With House Democrats passing two major gun control bills, the push for gun control moves to the Senate. With all the Senate Democrats and some Republicans supporting more gun control, whether gun control passes Congress depends on if the Senator Joe Manchin (D-WV) keeps his promise to maintain the filibuster.
But Manchin is wobbling on that promise. While he previously said that he would “never” undo the filibuster, he apparently is willing to change the rules on what constitutes a filibuster.
On Sunday, Sen. Joe Manchin (D-WV), a longtime defender of the filibuster, signaled that he might nevertheless be open to filibuster reforms that could make it easier for Democrats to advance their legislative agenda. . . .Cameron Peters, “Joe Manchin opens the door to filibuster reform,” Vox, March 7, 2021.
This past Sunday Mr. Manchin modulated the word “never.” On NBC’s “Meet the Press,” he said he was open to changing the process, maybe by bringing back the “talking filibuster,” which requires senators to stand on the floor to keep a bill from moving. “Now if you want to make it a little bit more painful, make him stand there and talk, I’m willing to look at it any way we can,” Mr. Manchin said (emphasis mine). . . .
Don’t underestimate how big a door he opened. The “reform” Mr. Manchin floated on Sunday would at least preserve the 60-vote filibuster threshold, to which he says he is committed. Under a traditional “talking filibuster,” a GOP minority would need to keep a rotation of senators on the floor. . . .Kimberly Strassel, “Joe Manchin’s Filibuster Test,” Wall Street Journal, March 12, 2021.
After Manchin talked about changing how the filibuster is run to make it more difficult to do it, Democrats on cue started to support the same changes. Biden came out for the same rule change on March 16th.
President Biden said Tuesday he would support changing the Senate‘s filibuster rules to require a senator to hold the floor in order to block legislation from moving forward.
“I don’t think that you have to eliminate the filibuster — you have to do it what it used to be when I first got to the Senate back in the old days,” Mr. Biden told ABC News. “You had to stand up and command the floor and you had to keep talking.”David Sherfinski, “Biden says he supports changes to filibuster,” The Washington Times – Tuesday, March 16, 2021
Other Senators are also flipping on the issue and coming out for the same change this week. After the Democrats took control of the Senate, Senator Dick Durbin (D-IL) had this change of heart, and he also supports the same change that Manchin wants.

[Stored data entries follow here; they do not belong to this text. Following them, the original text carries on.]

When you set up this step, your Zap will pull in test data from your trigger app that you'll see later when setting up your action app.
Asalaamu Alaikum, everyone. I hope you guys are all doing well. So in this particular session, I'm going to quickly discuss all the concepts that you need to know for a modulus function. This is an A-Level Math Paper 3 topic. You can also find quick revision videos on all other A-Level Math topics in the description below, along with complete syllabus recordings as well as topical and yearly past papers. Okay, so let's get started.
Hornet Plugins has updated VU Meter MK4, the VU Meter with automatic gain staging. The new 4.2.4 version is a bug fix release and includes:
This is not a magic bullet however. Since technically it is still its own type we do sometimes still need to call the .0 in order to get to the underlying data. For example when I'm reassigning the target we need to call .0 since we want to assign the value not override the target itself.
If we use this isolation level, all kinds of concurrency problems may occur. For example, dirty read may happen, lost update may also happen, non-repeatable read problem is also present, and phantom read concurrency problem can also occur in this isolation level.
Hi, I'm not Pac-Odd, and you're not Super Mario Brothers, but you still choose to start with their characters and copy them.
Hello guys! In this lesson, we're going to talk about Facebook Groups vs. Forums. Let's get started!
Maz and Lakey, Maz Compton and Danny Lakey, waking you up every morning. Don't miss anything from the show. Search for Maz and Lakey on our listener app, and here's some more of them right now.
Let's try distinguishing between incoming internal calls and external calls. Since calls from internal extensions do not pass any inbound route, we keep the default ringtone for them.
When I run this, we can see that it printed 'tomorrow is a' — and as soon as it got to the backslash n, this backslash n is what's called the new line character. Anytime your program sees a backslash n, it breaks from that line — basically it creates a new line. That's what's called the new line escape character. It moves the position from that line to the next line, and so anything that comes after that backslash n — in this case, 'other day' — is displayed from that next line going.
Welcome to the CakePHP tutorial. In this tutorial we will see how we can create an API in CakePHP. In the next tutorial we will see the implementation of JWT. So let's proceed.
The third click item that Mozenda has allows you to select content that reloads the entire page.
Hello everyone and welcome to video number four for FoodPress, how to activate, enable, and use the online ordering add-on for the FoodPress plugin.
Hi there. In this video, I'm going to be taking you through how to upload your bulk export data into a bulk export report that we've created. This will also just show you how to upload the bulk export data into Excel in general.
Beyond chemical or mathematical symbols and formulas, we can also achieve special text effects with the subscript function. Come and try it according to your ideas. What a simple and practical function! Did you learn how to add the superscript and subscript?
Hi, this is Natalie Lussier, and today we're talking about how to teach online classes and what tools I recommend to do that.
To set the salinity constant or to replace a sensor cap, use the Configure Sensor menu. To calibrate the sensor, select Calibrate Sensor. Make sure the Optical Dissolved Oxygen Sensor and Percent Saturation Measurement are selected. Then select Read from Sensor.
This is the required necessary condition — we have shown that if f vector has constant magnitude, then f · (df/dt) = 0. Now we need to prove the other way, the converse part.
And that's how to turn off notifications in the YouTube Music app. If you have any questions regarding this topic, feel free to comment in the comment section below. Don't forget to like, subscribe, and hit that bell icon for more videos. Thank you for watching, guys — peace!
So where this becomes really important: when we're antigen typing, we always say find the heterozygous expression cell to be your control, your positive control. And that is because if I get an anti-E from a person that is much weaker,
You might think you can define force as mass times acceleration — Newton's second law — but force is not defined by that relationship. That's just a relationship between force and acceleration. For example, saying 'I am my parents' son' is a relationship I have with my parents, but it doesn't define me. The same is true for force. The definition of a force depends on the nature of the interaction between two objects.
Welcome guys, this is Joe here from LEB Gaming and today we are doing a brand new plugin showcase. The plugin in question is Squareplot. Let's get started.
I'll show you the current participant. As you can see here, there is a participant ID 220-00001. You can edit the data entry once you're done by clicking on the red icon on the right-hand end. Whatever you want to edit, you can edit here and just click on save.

In a 2018 interview with ABC News, Durbin was asked about getting rid of the filibuster but took the opposite stance on the issue, saying that nixing the filibuster “would be the end of the Senate” as the Founding Fathers designed it to be.
The Illinois senator also said that the Senate has to “acknowledge our respect” for the minority party and that the Senate attempts to accomplish that through its “composition” and “procedure.”
“Well, I can tell you that would be the end of the Senate as it was originally devised and created going back to our Founding Fathers,” he said. “We have to acknowledge our respect for the minority, and that is what the Senate tries to do in its composition and in its procedure.”
The Illinois senator previously signaled in a January interview that he was “of course” open to abolishing the filibuster to circumvent Republican opposition.
“The American people want us to take action,” he said. “Action on this pandemic, action on this economy … and if this filibuster has now become so common in the Senate that we can’t act, that we just sit their helpless, shame on us. Of course, we should consider a change in the rule under those circumstances.”Houston Keene. “Dick Durbin said killing filibuster ‘would be the end of the Senate’ before flip-flopping,” Fox News, March 16, 2021.
Senator Kyrsten Sinema (D-AZ) has also previously signaled her opposition to eliminating the filibuster, but most of the focus is on Manchin on the presumption that he is the linchpin behind whether we keep the filibuster.